— Input material —
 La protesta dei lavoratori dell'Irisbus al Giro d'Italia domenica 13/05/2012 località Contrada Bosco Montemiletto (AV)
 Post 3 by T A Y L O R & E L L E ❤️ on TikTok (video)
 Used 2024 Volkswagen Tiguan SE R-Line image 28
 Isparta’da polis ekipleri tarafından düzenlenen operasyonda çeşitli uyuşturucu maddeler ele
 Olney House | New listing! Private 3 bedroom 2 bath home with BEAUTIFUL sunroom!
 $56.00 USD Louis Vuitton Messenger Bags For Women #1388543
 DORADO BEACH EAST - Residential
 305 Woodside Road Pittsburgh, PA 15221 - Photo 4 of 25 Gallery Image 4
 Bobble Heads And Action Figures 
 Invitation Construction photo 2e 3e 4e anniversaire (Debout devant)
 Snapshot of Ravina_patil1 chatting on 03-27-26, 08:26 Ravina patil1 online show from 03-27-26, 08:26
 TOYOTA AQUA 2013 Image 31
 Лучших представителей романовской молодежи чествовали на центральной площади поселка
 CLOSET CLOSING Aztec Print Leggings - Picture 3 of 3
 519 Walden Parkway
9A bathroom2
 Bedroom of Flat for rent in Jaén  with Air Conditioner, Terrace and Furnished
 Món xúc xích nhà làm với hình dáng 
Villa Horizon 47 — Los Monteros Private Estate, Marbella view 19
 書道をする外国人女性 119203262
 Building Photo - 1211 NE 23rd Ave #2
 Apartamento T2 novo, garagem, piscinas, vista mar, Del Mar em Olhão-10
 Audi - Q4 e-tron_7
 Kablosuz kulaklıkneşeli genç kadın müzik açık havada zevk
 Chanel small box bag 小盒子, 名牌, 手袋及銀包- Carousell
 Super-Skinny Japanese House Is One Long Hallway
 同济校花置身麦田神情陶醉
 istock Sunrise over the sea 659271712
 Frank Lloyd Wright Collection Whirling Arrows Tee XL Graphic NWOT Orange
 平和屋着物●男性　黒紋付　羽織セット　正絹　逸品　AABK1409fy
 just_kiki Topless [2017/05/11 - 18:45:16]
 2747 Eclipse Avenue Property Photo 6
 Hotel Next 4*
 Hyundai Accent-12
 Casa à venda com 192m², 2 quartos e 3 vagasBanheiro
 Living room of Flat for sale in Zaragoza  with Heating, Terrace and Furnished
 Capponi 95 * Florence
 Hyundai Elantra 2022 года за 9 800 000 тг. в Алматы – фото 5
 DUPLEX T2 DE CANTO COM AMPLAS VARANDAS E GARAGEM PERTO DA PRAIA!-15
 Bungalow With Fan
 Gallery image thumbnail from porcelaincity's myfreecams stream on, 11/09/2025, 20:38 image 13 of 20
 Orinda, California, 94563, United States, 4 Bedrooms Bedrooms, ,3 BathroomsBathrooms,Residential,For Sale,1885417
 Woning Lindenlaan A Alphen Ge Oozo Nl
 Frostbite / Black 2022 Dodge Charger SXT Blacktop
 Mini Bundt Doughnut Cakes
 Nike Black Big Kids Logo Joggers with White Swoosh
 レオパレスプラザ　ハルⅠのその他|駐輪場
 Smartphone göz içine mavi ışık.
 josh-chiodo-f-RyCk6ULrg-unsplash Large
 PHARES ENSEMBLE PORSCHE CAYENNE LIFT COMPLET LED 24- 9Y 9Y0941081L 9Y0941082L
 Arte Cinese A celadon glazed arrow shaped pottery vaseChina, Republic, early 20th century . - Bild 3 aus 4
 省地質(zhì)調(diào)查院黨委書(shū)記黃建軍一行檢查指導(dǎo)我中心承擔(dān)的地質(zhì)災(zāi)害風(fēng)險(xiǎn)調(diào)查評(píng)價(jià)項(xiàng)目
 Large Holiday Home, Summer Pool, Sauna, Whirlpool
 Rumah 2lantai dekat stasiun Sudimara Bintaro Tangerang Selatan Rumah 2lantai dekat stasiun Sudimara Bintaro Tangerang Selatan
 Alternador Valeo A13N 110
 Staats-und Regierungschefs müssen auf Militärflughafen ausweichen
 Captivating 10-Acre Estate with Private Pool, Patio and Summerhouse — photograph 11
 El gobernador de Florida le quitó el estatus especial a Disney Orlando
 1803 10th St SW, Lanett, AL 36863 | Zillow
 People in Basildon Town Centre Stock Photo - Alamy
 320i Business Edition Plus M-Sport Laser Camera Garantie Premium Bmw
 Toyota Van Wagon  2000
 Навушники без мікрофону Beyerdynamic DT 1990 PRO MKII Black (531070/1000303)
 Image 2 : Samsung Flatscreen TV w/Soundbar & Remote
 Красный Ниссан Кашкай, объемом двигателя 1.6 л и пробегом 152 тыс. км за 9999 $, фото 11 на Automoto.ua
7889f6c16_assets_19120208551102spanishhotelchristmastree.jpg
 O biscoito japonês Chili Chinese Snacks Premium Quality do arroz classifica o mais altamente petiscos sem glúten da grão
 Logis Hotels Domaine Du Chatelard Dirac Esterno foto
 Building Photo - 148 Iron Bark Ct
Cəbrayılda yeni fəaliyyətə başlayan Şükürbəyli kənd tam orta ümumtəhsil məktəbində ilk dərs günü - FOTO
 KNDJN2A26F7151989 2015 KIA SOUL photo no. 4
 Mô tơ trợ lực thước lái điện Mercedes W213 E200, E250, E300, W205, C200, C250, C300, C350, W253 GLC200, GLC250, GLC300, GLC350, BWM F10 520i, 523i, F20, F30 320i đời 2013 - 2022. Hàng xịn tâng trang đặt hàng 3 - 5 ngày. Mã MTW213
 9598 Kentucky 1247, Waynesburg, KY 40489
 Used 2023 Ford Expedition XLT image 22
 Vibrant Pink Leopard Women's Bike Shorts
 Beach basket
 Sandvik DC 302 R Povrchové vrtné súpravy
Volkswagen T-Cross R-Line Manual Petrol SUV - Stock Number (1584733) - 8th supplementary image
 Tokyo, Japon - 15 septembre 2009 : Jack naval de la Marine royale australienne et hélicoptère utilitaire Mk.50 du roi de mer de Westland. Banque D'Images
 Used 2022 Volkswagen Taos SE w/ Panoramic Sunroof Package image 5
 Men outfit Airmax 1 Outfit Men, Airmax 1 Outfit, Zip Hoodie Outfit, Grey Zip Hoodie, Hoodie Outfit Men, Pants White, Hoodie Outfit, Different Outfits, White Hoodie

— Directions —
Every line of the listing that holds the word "White" is to be found and copied.

— Answer to this exercise —
 Nike Black Big Kids Logo Joggers with White Swoosh
 Men outfit Airmax 1 Outfit Men, Airmax 1 Outfit, Zip Hoodie Outfit, Grey Zip Hoodie, Hoodie Outfit Men, Pants White, Hoodie Outfit, Different Outfits, White Hoodie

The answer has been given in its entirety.